** DATA SECTION follows **

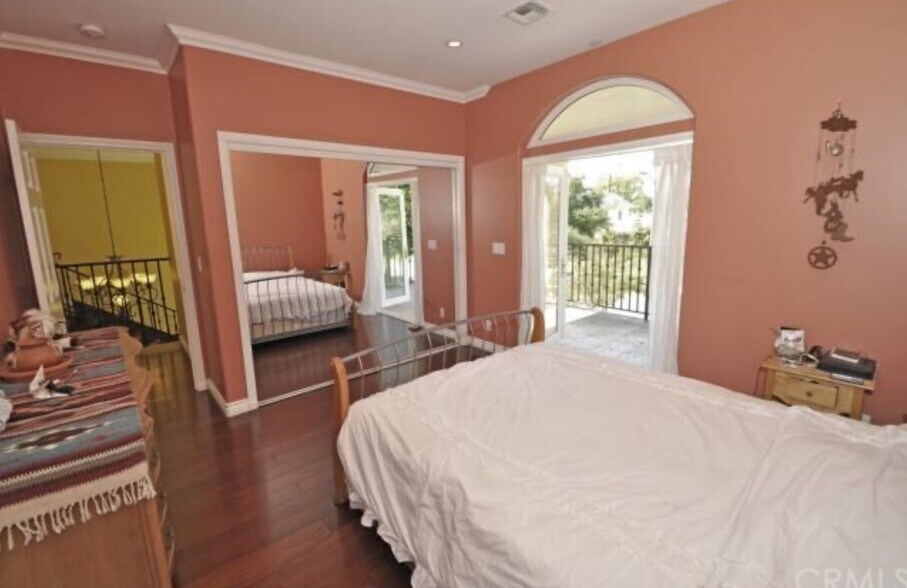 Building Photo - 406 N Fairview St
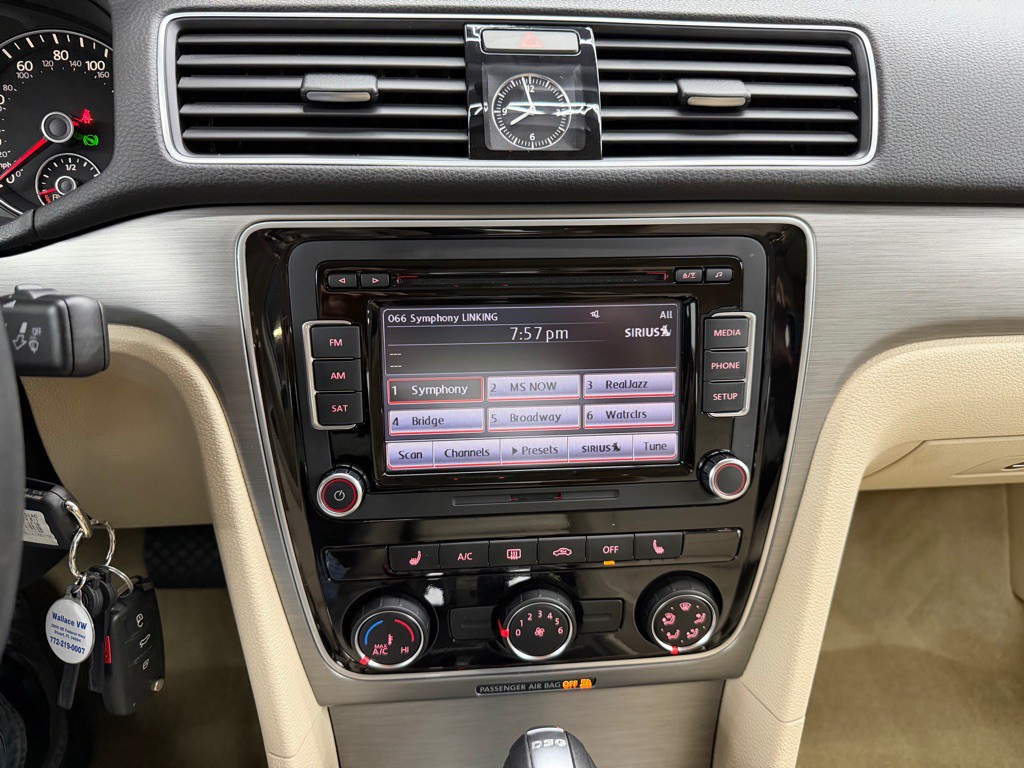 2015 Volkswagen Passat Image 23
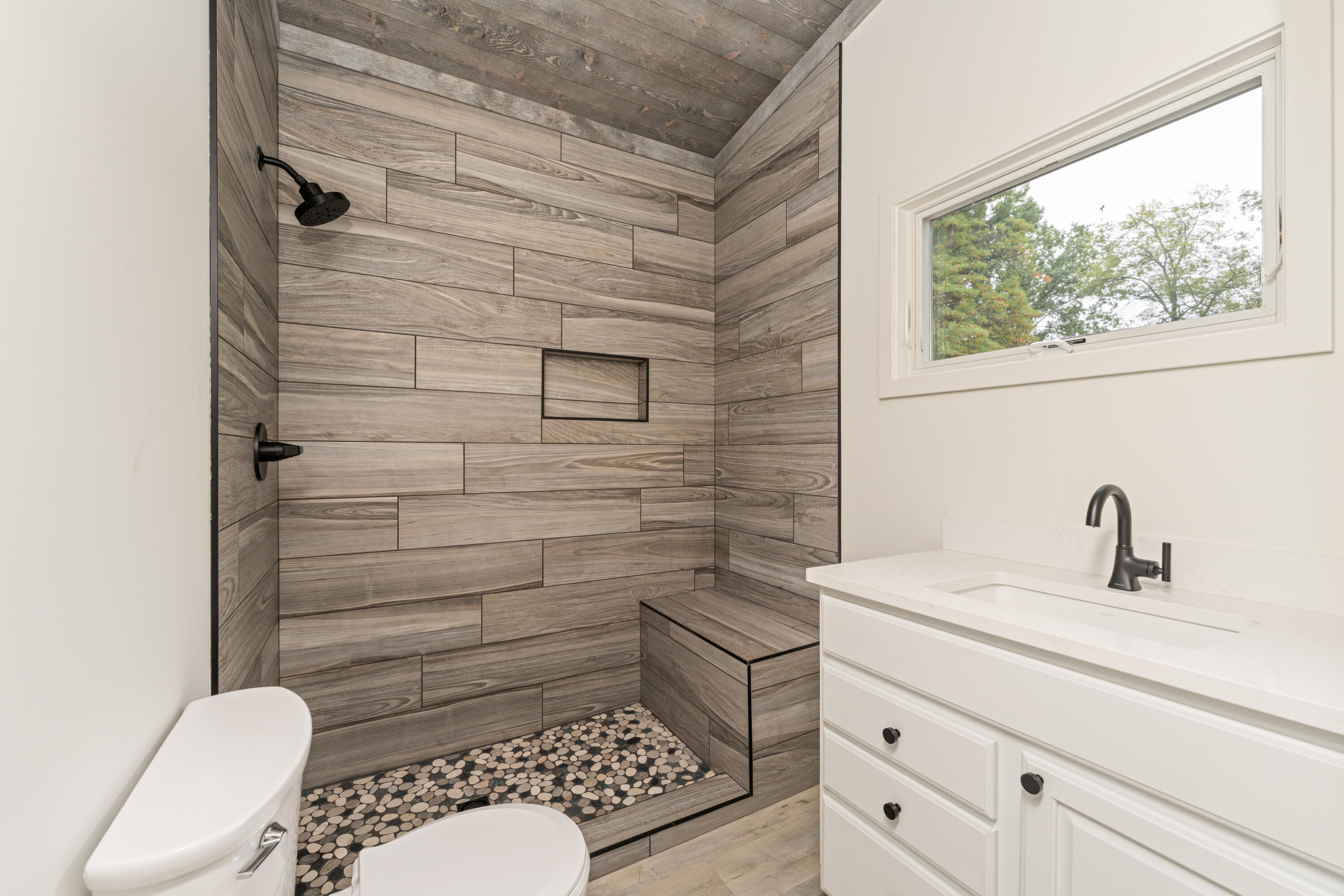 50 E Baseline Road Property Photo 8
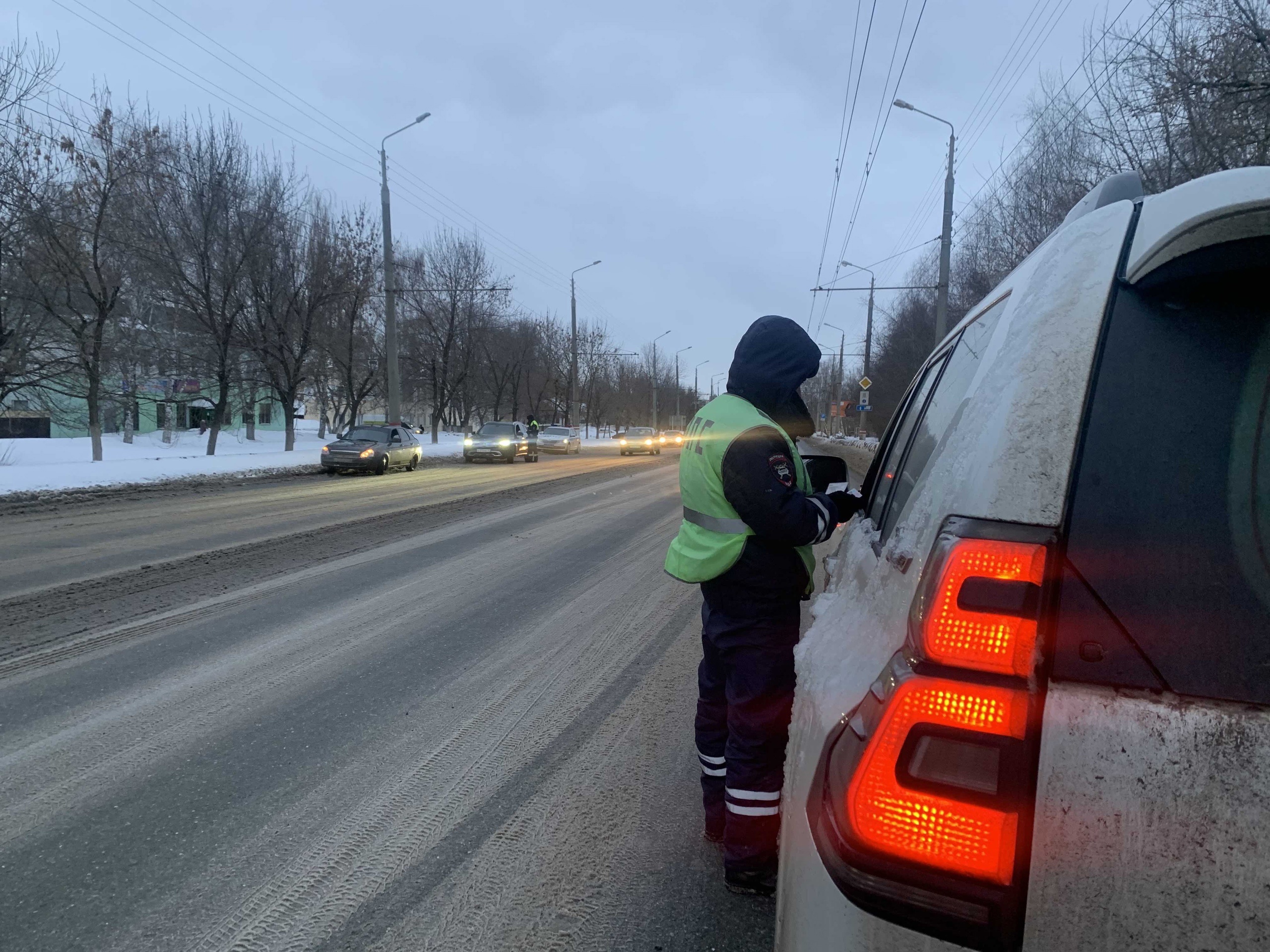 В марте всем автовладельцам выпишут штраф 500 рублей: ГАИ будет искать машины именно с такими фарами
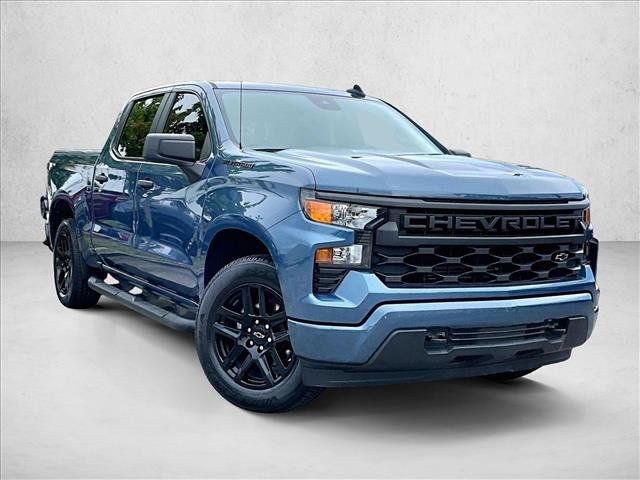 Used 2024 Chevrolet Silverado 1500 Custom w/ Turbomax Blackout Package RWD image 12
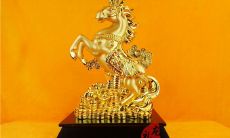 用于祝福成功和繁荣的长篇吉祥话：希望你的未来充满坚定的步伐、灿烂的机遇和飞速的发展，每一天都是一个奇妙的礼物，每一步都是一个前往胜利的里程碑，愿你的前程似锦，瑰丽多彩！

** End of DATA SECTION **
** DATA SECTION follows **

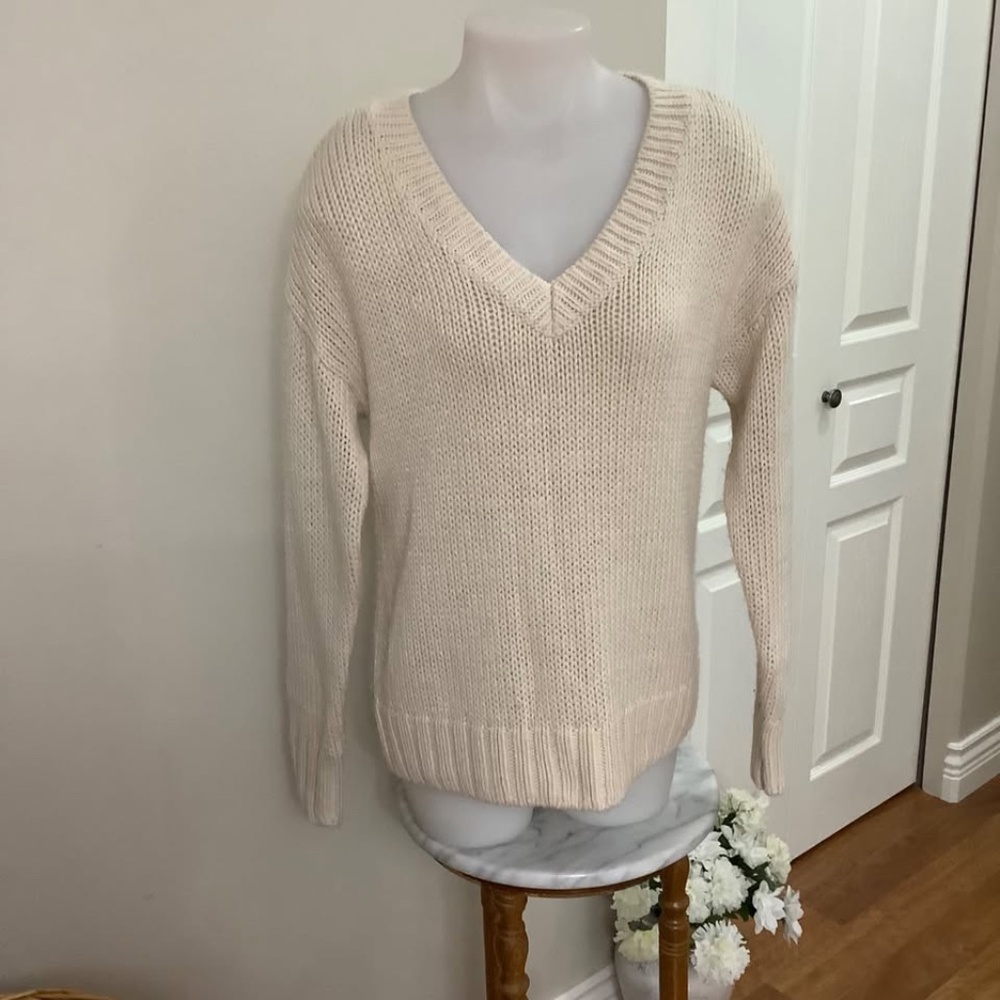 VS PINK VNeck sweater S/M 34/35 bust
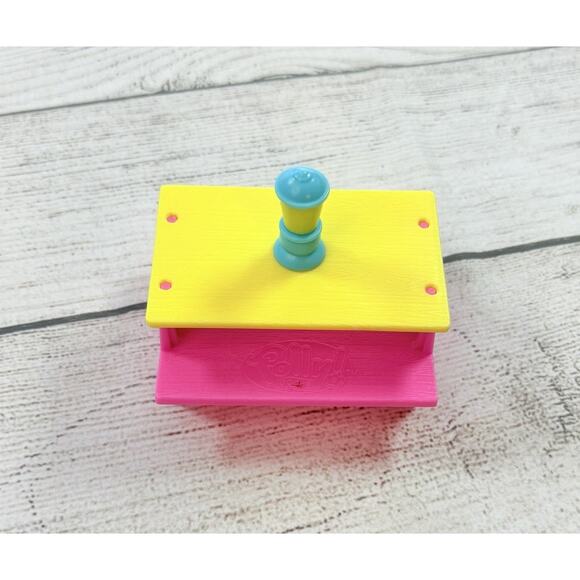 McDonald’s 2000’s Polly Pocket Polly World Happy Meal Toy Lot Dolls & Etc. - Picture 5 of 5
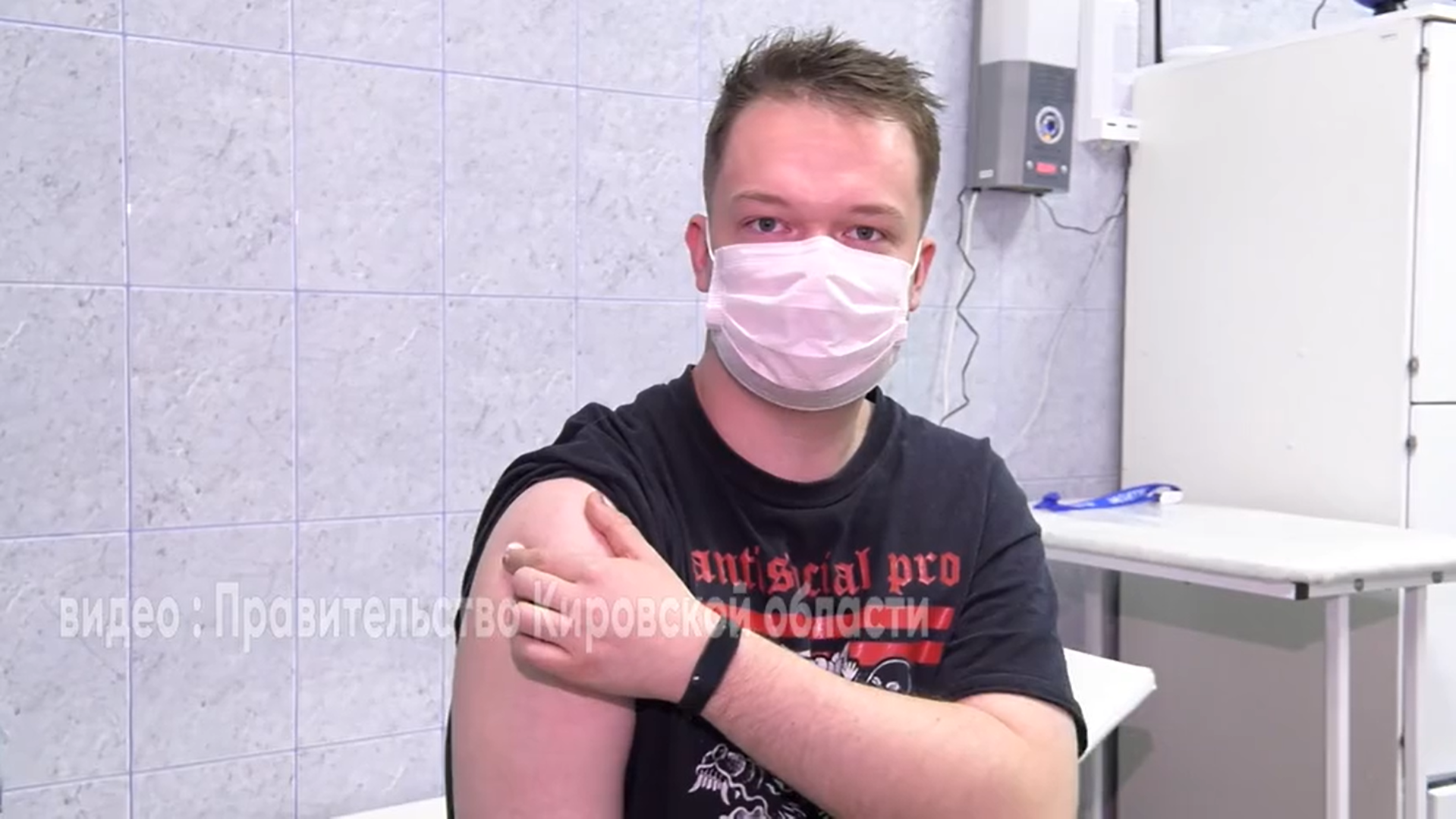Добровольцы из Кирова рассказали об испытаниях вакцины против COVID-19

** End of DATA SECTION **

ASSIGNED TASK:
Without the pictures, set down the lines above from the line with "В марте всем" up to and including the line with "用于祝福成功和繁荣的长篇吉祥" exactly as they stand.

TASK ANSWER:
 В марте всем автовладельцам выпишут штраф 500 рублей: ГАИ будет искать машины именно с такими фарами
 Used 2024 Chevrolet Silverado 1500 Custom w/ Turbomax Blackout Package RWD image 12
 用于祝福成功和繁荣的长篇吉祥话：希望你的未来充满坚定的步伐、灿烂的机遇和飞速的发展，每一天都是一个奇妙的礼物，每一步都是一个前往胜利的里程碑，愿你的前程似锦，瑰丽多彩！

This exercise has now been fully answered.